Equation 1 describes the panel data DID specification used in the analysis. The hospital-level panel data are estimated by a fixed-effect estimator that allows identification of the treatment effect controlling for permanent unobserved hospital heterogeneity (Cameron and Trivedi 2005).
Yit is the bad debt ratio for hospital i in year t (t = 2004,. . .,2009). We transform bad debt in logs to interpret treatment effects as a percentage change. Tit is the binary treatment indicator that equals 1 for all hospitals in Massachusetts after the reform. The treatment effect (effect of the reform on bad debt) is captured by β1. Xit includes three hospital-level variables and two county-level variables. Hospital-level variables include total assets (in millions, adjusted by inflation) and number of beds (in hundreds) to control for hospital size and average length of stay (number of total patient days divided by total discharges) to control for potential gains in efficiency after the reform. Cozad (2012) found a significant reduction in patient’s average length of stay after the reform that could potentially influence hospital bad debt. County-level variables include unemployment rate and personal income (in thousands, adjusted by inflation) to control for changes in economic activity in the geographic area where the hospital is located. The hospital-specific fixed effect (θ i ) removes any hospital time-invariant heterogeneity that may bias the treatment effect. The time-specific fixed effects (θ t ) accounts for aggregate time effects. The time-specific fixed effects as well as the county economic activity indicators are particularly relevant because they control for the effect of the economic recession of years 2008–2009. The panel data DID are also estimated separately for safety-net and non-safety-net hospitals, according to the three following safety-net definitions described.
A second specification is estimated to assess the effect of the reform over time. In Equation 2, the treatment effect β k is estimated for each year k that belongs to the postreform period. Because the expansion of insurance coverage was gradual, we also expect a gradual impact of the reform on unpaid medical bills.
Our panel data DID specification are subject to serial correlation that may understate the standard error of the treatment effect. We account for this issue and correct standard errors using a block bootstrap method by state (Bertrand, Duflo, and Mullainathan 2004). Following Kolstad and Kowalski (2010), bootstrapping is based on a large number of replications—2,000—to account for the fact that Massachusetts is the only treatment state compared to a larger number of comparison states.
Data Source
The primary source of data in this analysis is the Centers for Medicare and Medicaid Services (CMS) hospital cost report. CMS cost reports contain standardized information filed by hospitals participating in the Medicare program. Use of CMS cost reports enables us to avoid a sample selection problem because Medicare participation can be safely assumed to be independent of the outcome (doubtful debt) and the intervention: Massachusetts’ health care reform did not affect the federal Medicare program. From the CMS cost reports, we obtain information on Medicaid and total discharges, days of patient care, number of beds, geographic location, and financial status.
For the selection of the intervention and control groups, we consider all hospitals that filed the CMS cost report in years 2004–2009. All hospitals located in Massachusetts form the intervention group.

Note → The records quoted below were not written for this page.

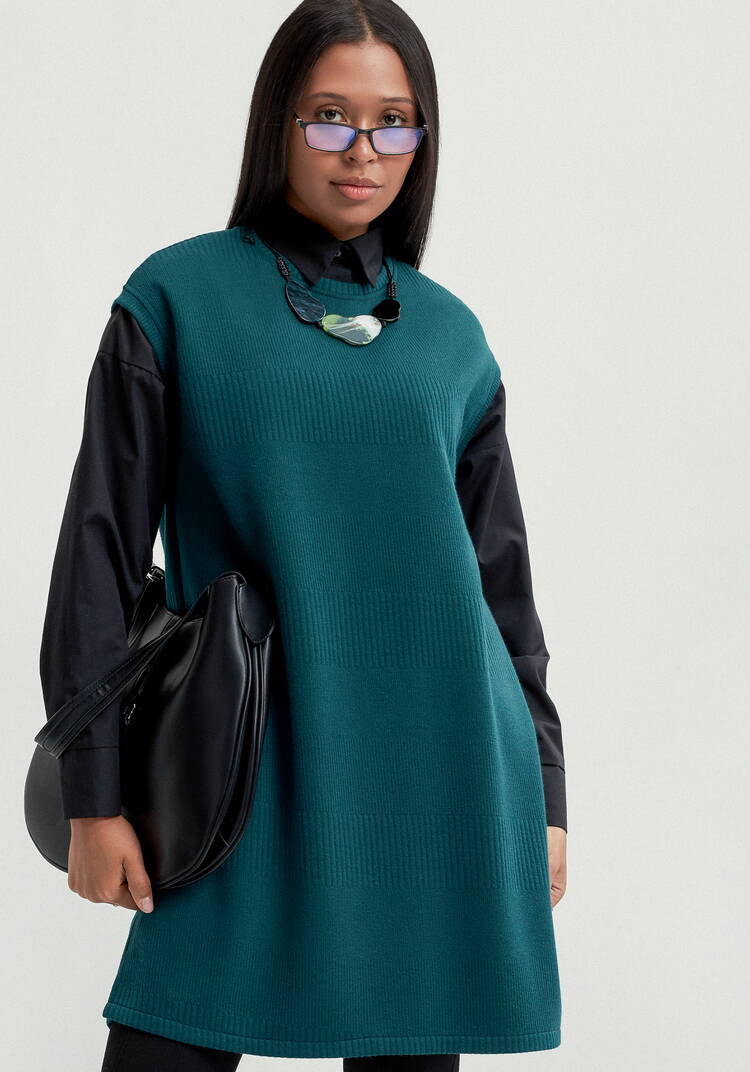 Жилет из трикотажа с фактурным рисунком шир.  750, рис. 9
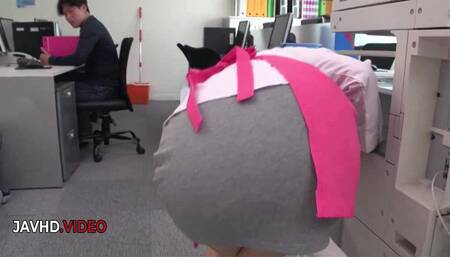 Chihiros sultry Japanese beauty impresses all with amazing blowjob skills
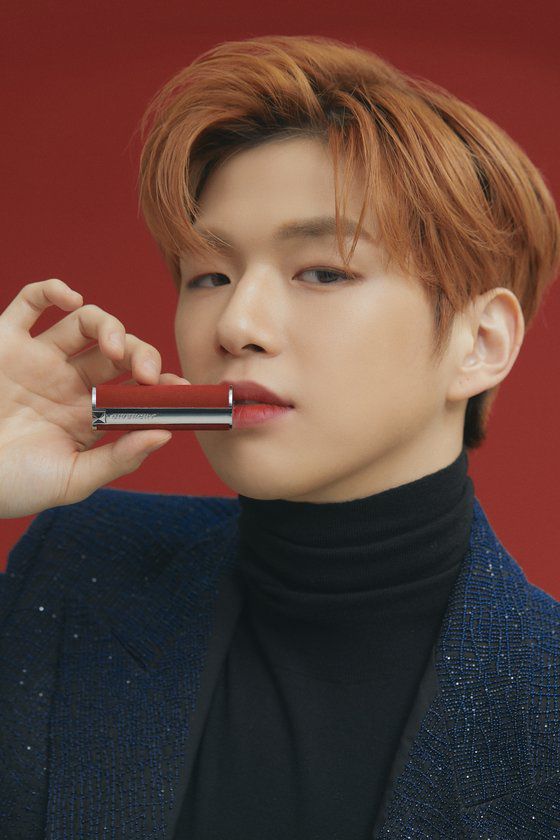 은은한 메이크업이 돋보이는 '지방시' 뷰티의 강 다니엘 화보. 사진 지방시 뷰티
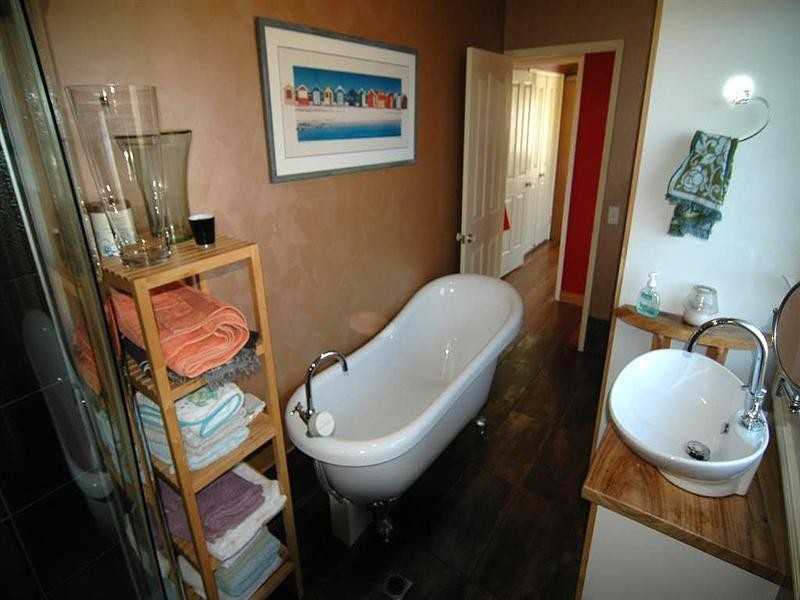 12 Creek Way, Currumbin Valley QLD 4223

Of a total of 101 hospitals that reported to CMS, 92 percent filed the report for the six consecutive years. For the control group, we follow Kenney et al. (Kenney, Long, and Luque 2010) and include all hospitals in the New England census division as well as Minnesota and Washington State, which have similar demographics and did not implement major health care changes. Of a total of 374 hospitals in the control group, 97 percent reported to CMS for the six consecutive years of analysis.
We define the prereform period as 2004–2005 and the postreform period as 2006–2009. Although the reform was signed in April 2006, the key policies affecting coverage were implemented between October 2006 and October 2007. Because the reform was implemented in the first half of 2006, we include 2006 in the postreform period. To check if the treatment effect was sensitive to this inclusion, we also estimated a model that excludes 2006 and 2007 from the analysis.
Definition of Bad Debt
Information on hospital bad debt is quite limited in terms of availability and accuracy. The main source of data is a hospital’s financial statement, where bad debt is reported in the balance sheet as an allowance for doubtful patient accounts and in the income statement as an expense. Although audited financial statements are the most reliable source of accounting information, they are not publicly available for most states. That makes worksheet G of the CMS cost report the most widely used national database of hospital financial accounting 2 besides its well-documented limitations (Kane and Magnus 2001). In particular, bad debt expense is questionable because various accounting standards place bad debt in either the total operating expenses or the net patient revenue. 3 For that reason, our primary indicator for bad debt comes from the balance sheet. We define bad debt as the ratio of “allowances for uncollectible notes and accounts receivable” to “(gross) notes, accounts, and other receivables.” We found that a significant number of hospitals (17.3 percent in our sample) still reported zero allowances for bad debt in all periods because they netted the account receivables. We omit those cases.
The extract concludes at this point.